En cette rentrée de l’année universitaire 1955-1956, le cheikh avait 46 ans et déjà, derrière lui, une longue carrière d’enseignement et de magistrature charaïque ainsi qu’un long parcours militant contre l’occupant et pour le  relèvement politique et culturel » de la nation.  Mudarres à 23 ans (1932), il se fait remarquer par ses prises de position nationalistes et la force de ses engagements pour l’arabité et l’Islam. Homme d’action et de réflexion, il  remplit dans les années quarante la scène publique Tunisienne et anime ses principaux foyers intellectuels et culturels : la Grande Mosquée, le collège Sadiki , la khalduniyya dont il est en 1945 le président. C’est sous son action qu’elle se dote de trois Instituts- l’Institut d’Etudes Islamiques, l’Institut Arabe de Droit, l’Institut de philosophie - unités d’enseignement libre participant de « l’université populaire arabe et moderne » qu’il appela de ses vœux et à laquelle il consacra ses efforts. A l’inauguration, le cheikh al Fadhil, en précise l’esprit et en définit la mission:         
Cette institution devra être un organisme complémentaire d’enseignement qui aura pour tâche d’adapter dans le mesure du possible l’enseignement zeitounien aux exigences de la culture moderne ”.      

C’est cet esprit que poursuit l’Institut Arabe de Droit ( al maâhad al ârabi lil huquq),  placé à sa naissance sous le signe  “pour le droit et l’arabisme” ( lil haqqui wal ûruba).
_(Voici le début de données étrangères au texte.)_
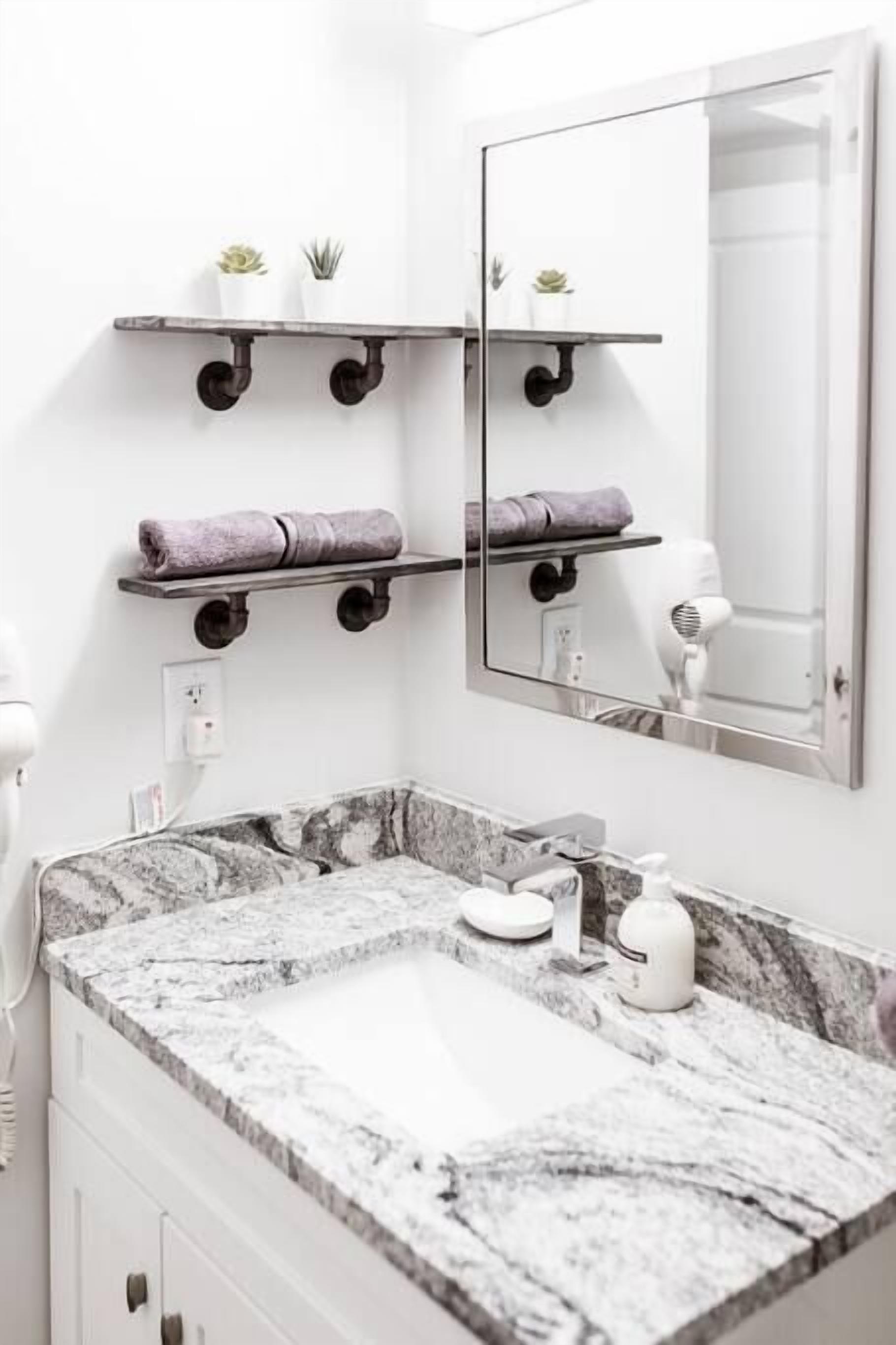 A bathroom with a marble sink, towel racks, and a mirror.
Dans un article intitulé “Pourquoi avons-nous fondé l’Institut Arabe de Droit ?”, Taieb al Annabi, le Secrétaire Général de l’association, insiste sur la nécessité d’offrir aux Tunisiens dans leur langue “naturelle”, une solide formation en droit qui soit en harmonie avec leur culture arabo-musulmane, mais aussi qui soit  adaptée aux exigences de la vie moderne ( mutatalibat al âsr). Les cours de la moribonde  Adliya, suscitent ses réserves. “Licence tronquée”, “squelettique” écrit-il, “elle ne comprend pas l’étude des disciplines aujourd’hui indispensables à la formation du juriste telles, l’économie politique, le droit constitutionnel, l’histoire du droit, la législation financière, le droit international public”. C’est justement ces sciences juridiques modernes que l’Institut inscrit à son programme d’enseignement : l’histoire du droit musulman, l’histoire de la justice tunisienne, le droit constitutionnel, l’économie politique, le droit international public, le droit romain, l’introduction générale au droit. L’administration coloniale ne manquera pas de voir dans cette orientation d’inspiration nationaliste en faveur de la langue arabe, une “attaque” contre l’Institut des Hautes Etudes de Tunis. En réalité, pour reprendre ici Jacques Berque cette posture marque le moment à partir duquel le Maghreb, “ dispute au regard de l’étranger non pas un quant-à-soi blotti dans ses refuges et tenté par l’irrationnel, mais une interprétation historisante de lui-même ”.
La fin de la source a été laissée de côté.